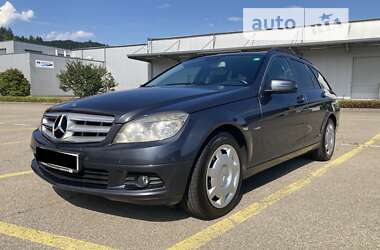 Универсал Mercedes-Benz C-Class 2010 в Николаеве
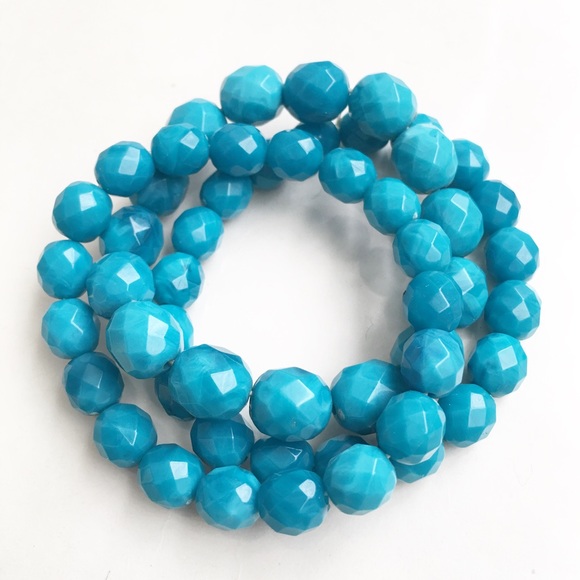 Jewelry - Turquoise beaded bracelets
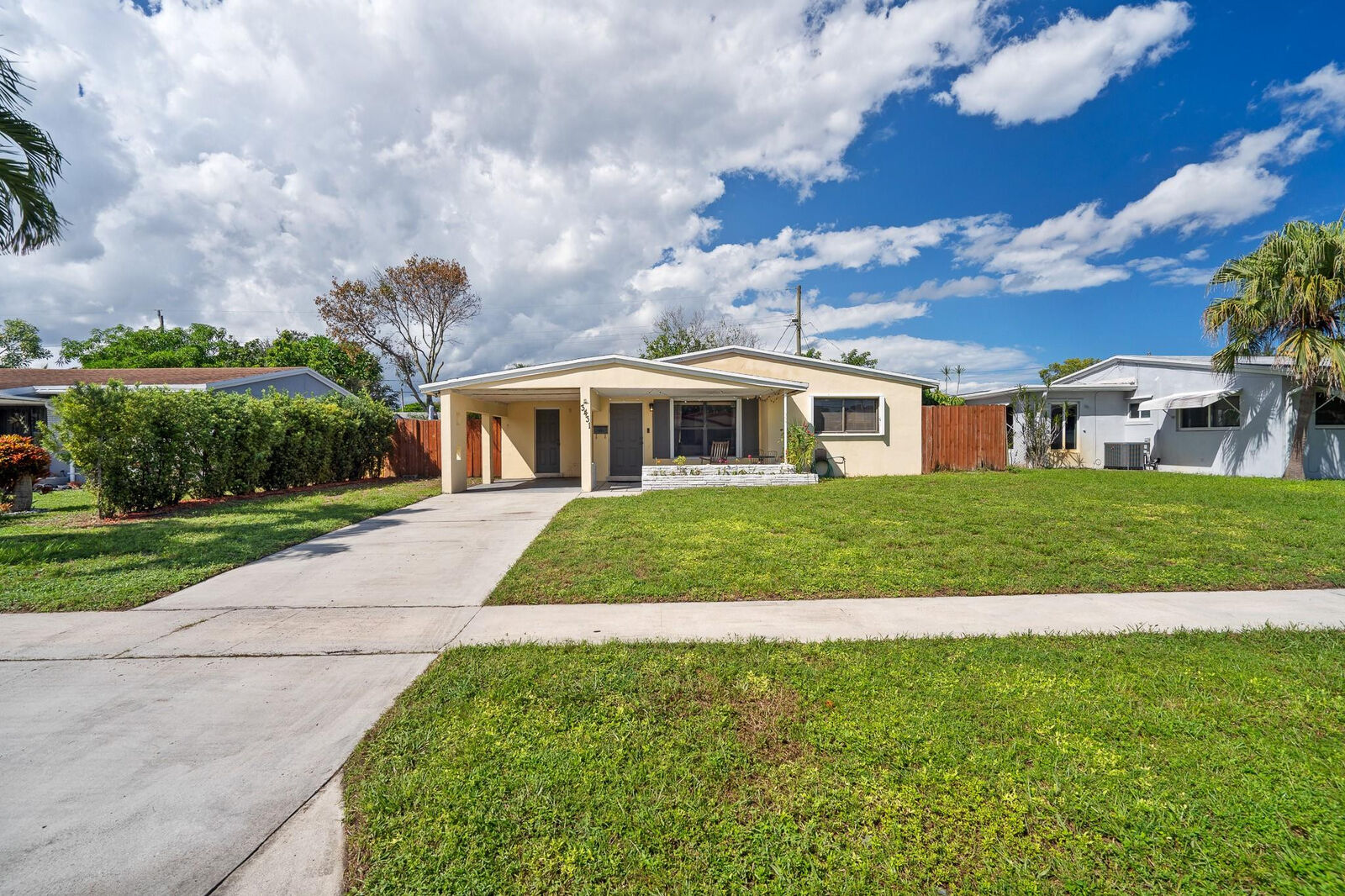 Property Photo:  3431 SW 15th Court  FL 33312 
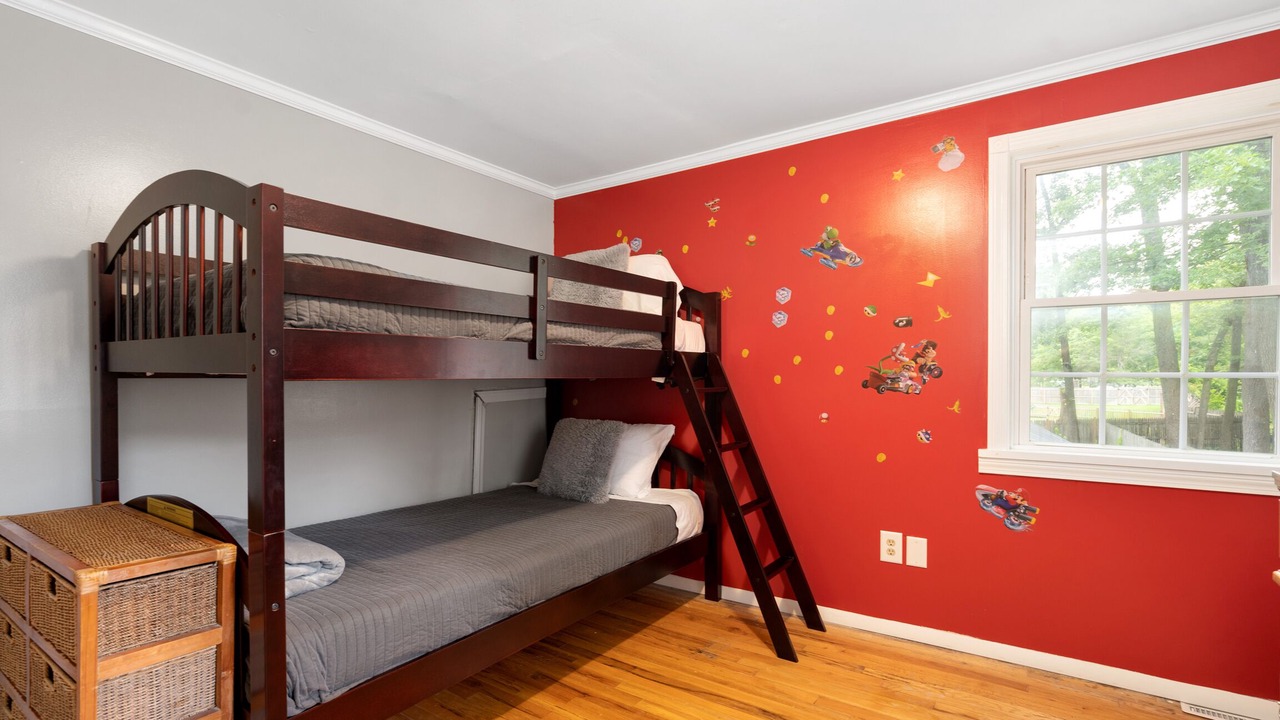Photo of Bedroom in Geyser Crest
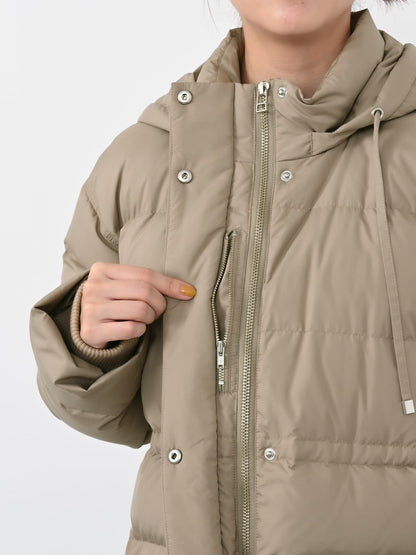 ※ファスナー付近にポケットがございます。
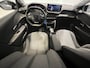 Peugeot 208 Hybrid 100 e-DCS6 Allure | Navigatie/Android/Apple Carplay | LM Velgen 16" | Parkeersensoren Voor en Achter | Cruise Control | DAB | Airco |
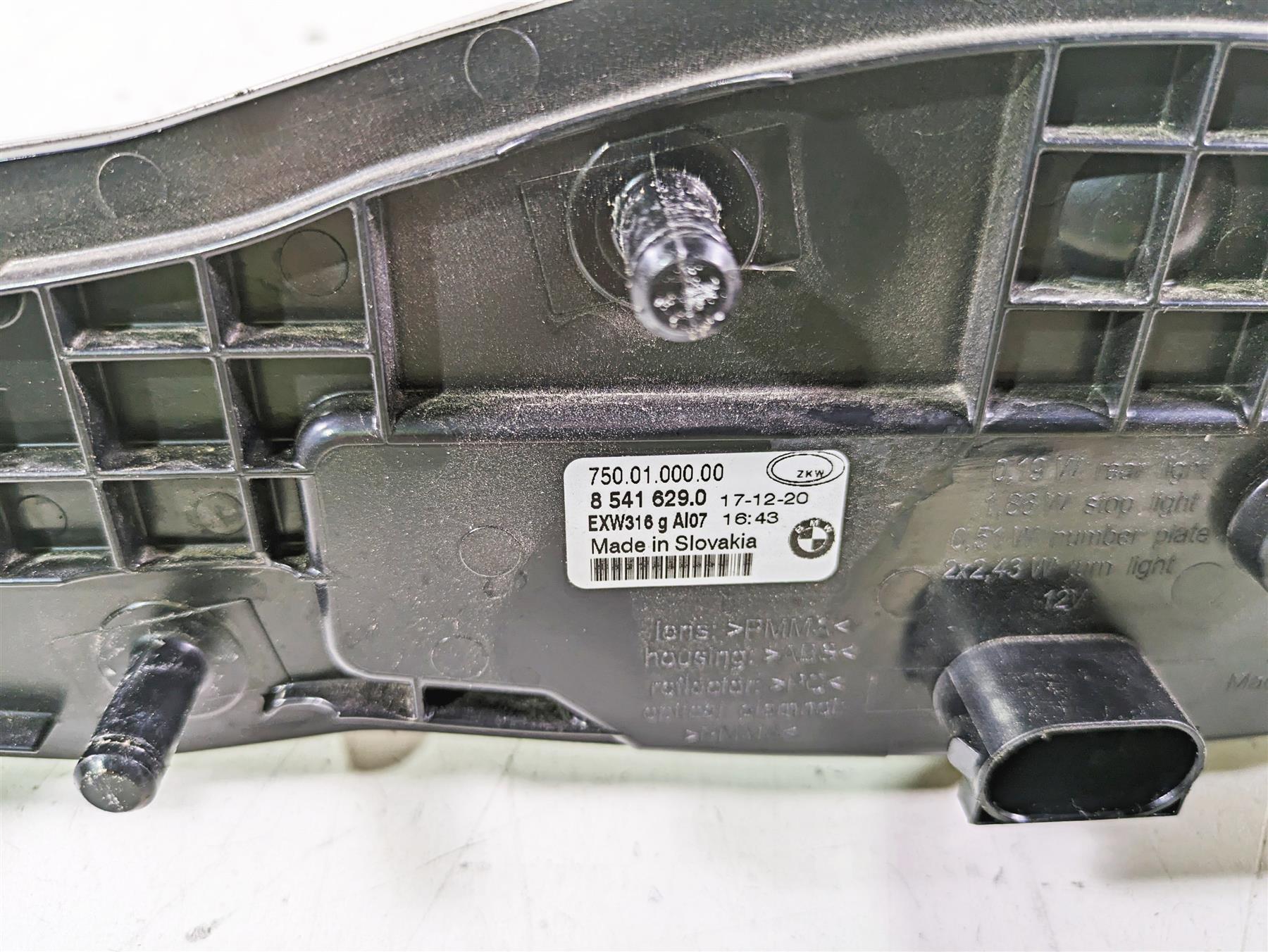 2014 BMW R1200 RT RTW K52 Taillight Tail Light Lamp 63218541629 {{ shop.shopifyCountryName }} - Mototech271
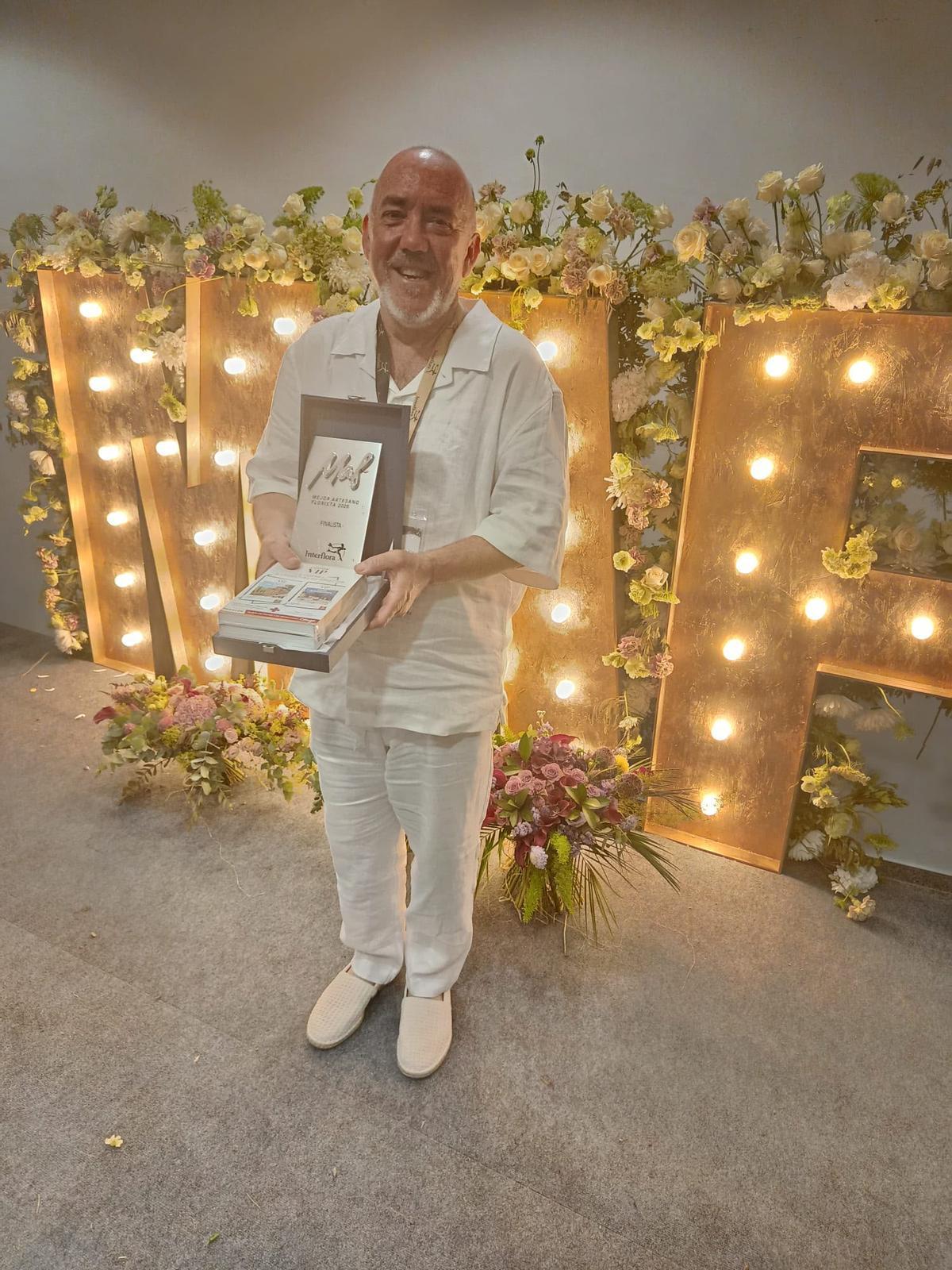 El florista de Carcaixent recogió en Salamanca el tercer premio, después de tres intensos días de pruebas.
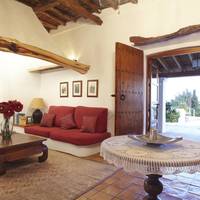 Six-Bedroom Villa 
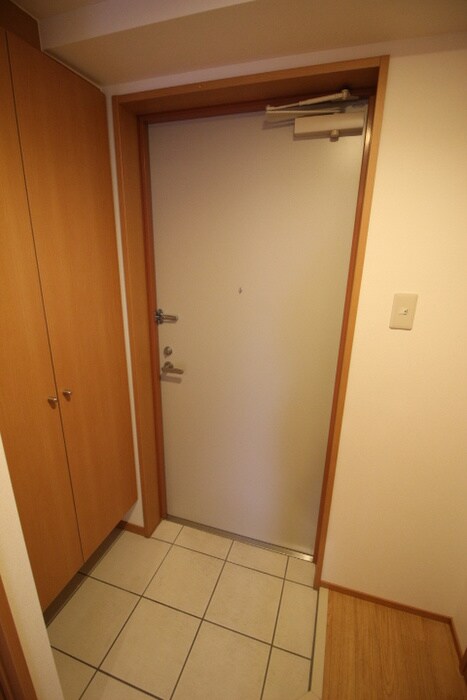 物件内観写真22　(玄関)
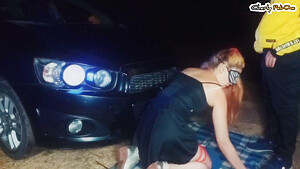 Prostitute Fucking On The Road Outside The Car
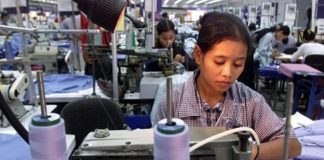 buruh pabrik di indonesia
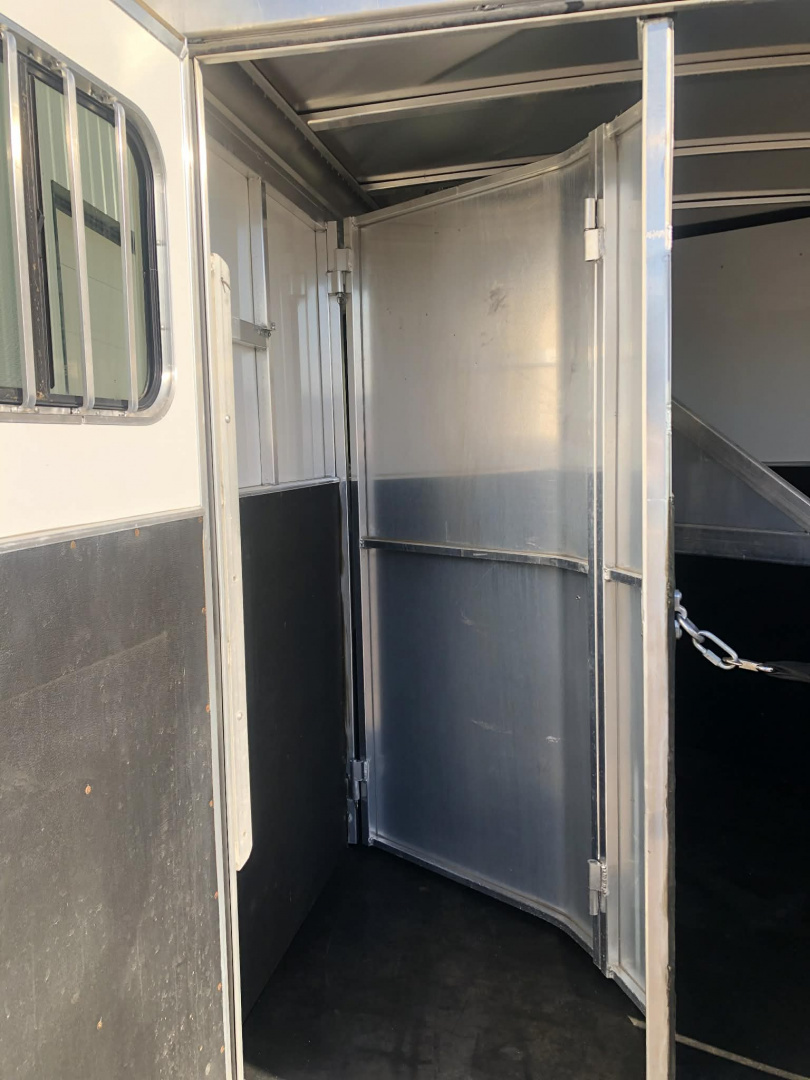 Used 2015 CM Horse Trailer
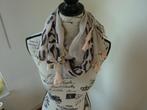 Shawl sjaal omslagdoek pareo + panterprint beige 2zijdig, Ophalen of Verzenden, Zo goed als nieuw, Sjaal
----------
■ What to do:
Write back word for word every line in the entries above from the one with "Peugeot 208 Hybrid" to the one with "Used 2015 CM Horse Trailer", ends included, and none of the pictures.

■ Response to the exercise:
 Peugeot 208 Hybrid 100 e-DCS6 Allure | Navigatie/Android/Apple Carplay | LM Velgen 16" | Parkeersensoren Voor en Achter | Cruise Control | DAB | Airco |
 2014 BMW R1200 RT RTW K52 Taillight Tail Light Lamp 63218541629 {{ shop.shopifyCountryName }} - Mototech271
 El florista de Carcaixent recogió en Salamanca el tercer premio, después de tres intensos días de pruebas.
 Six-Bedroom Villa 
 物件内観写真22　(玄関)
 Prostitute Fucking On The Road Outside The Car
 buruh pabrik di indonesia
 Used 2015 CM Horse Trailer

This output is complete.